----- Data records -----

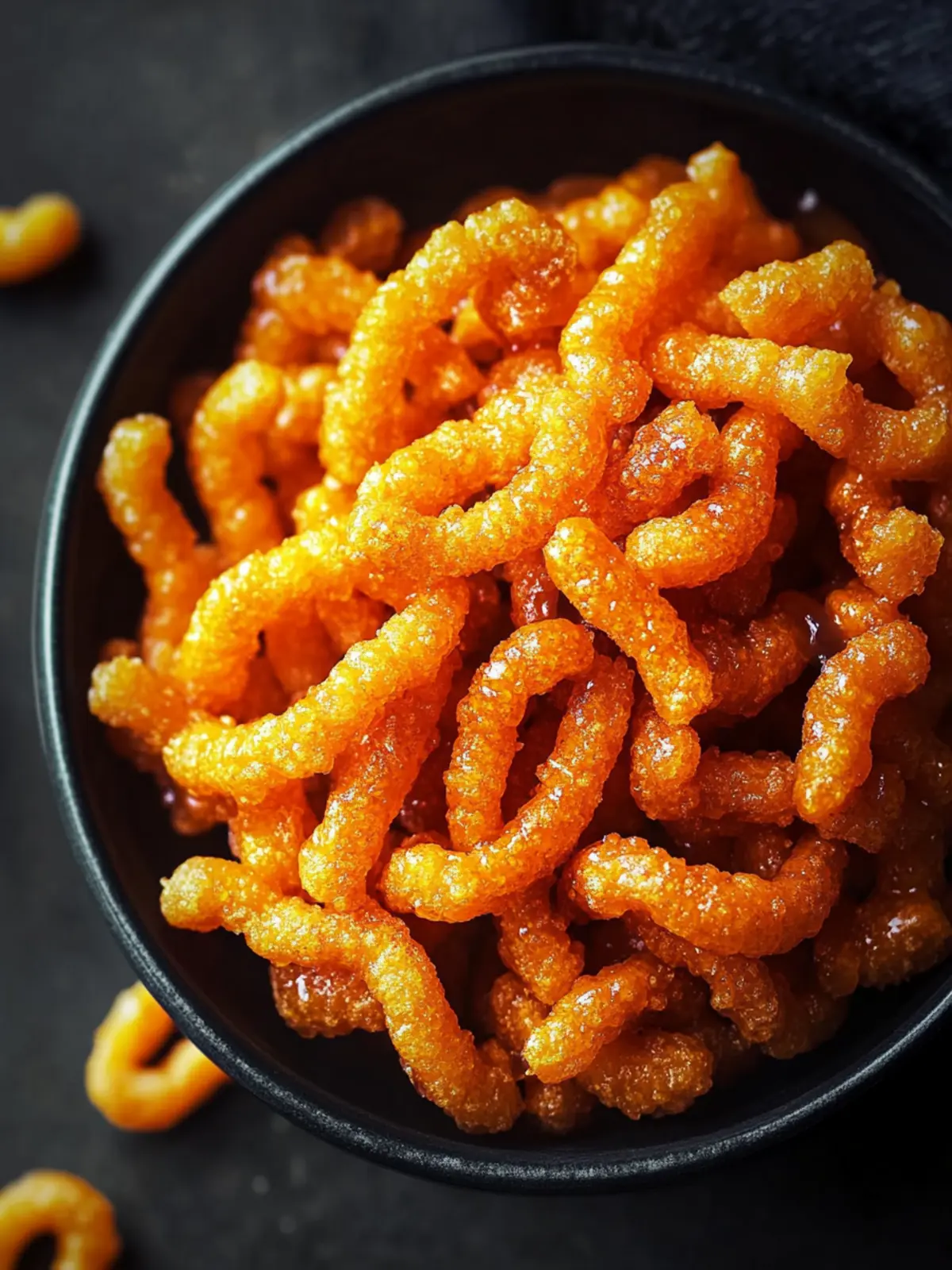 Caramel Cheetos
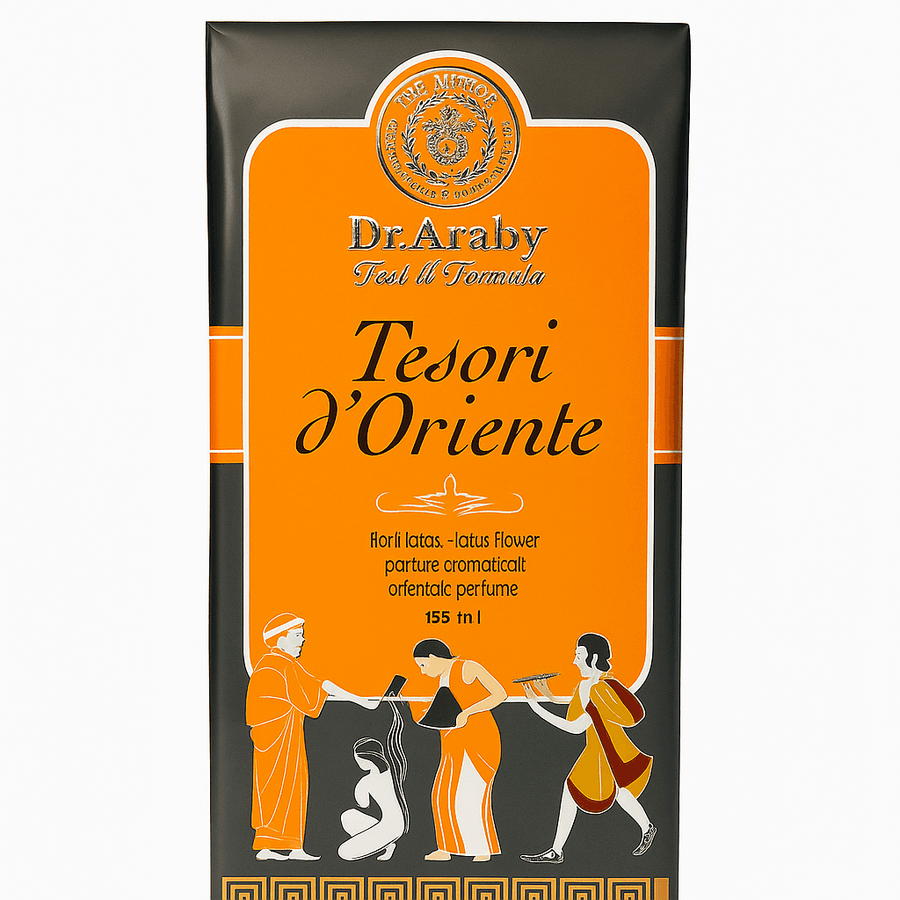 Tesori d'Oriente Eau de Parfum Milk and Pheromones Sweet and Seductive Scent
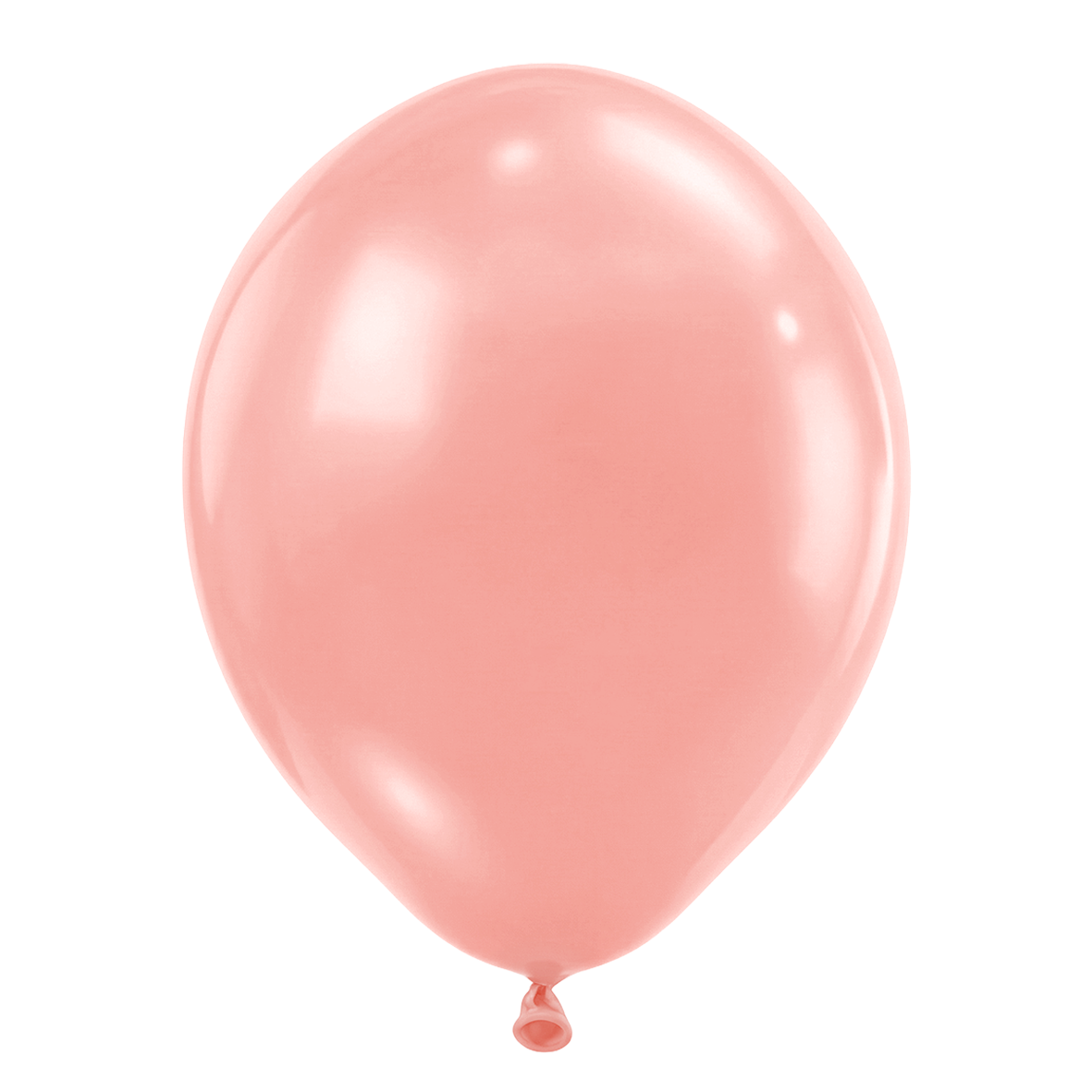 25 Luftballons -  Ø46 cm - Pastel Matte Melon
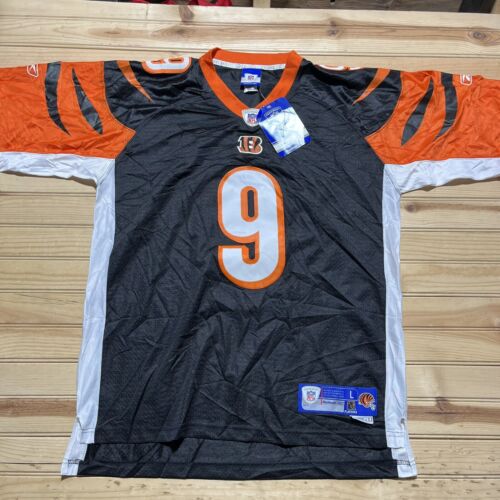 Carson Palmer Signed Cincinnati Bengals Licensed Jersey NWT Size Large +2 Length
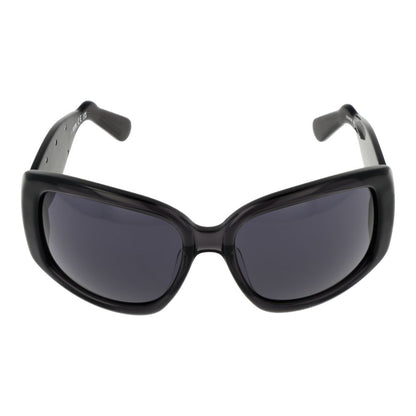 GCDS Schwarze Unisex-Sonnenbrille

-----

◆ **To do**
Whenever images occur above, omit them and retype each line exactly as it stands.

◆ **Written reply**
 Caramel Cheetos
 Tesori d'Oriente Eau de Parfum Milk and Pheromones Sweet and Seductive Scent
 25 Luftballons -  Ø46 cm - Pastel Matte Melon
 Carson Palmer Signed Cincinnati Bengals Licensed Jersey NWT Size Large +2 Length
 GCDS Schwarze Unisex-Sonnenbrille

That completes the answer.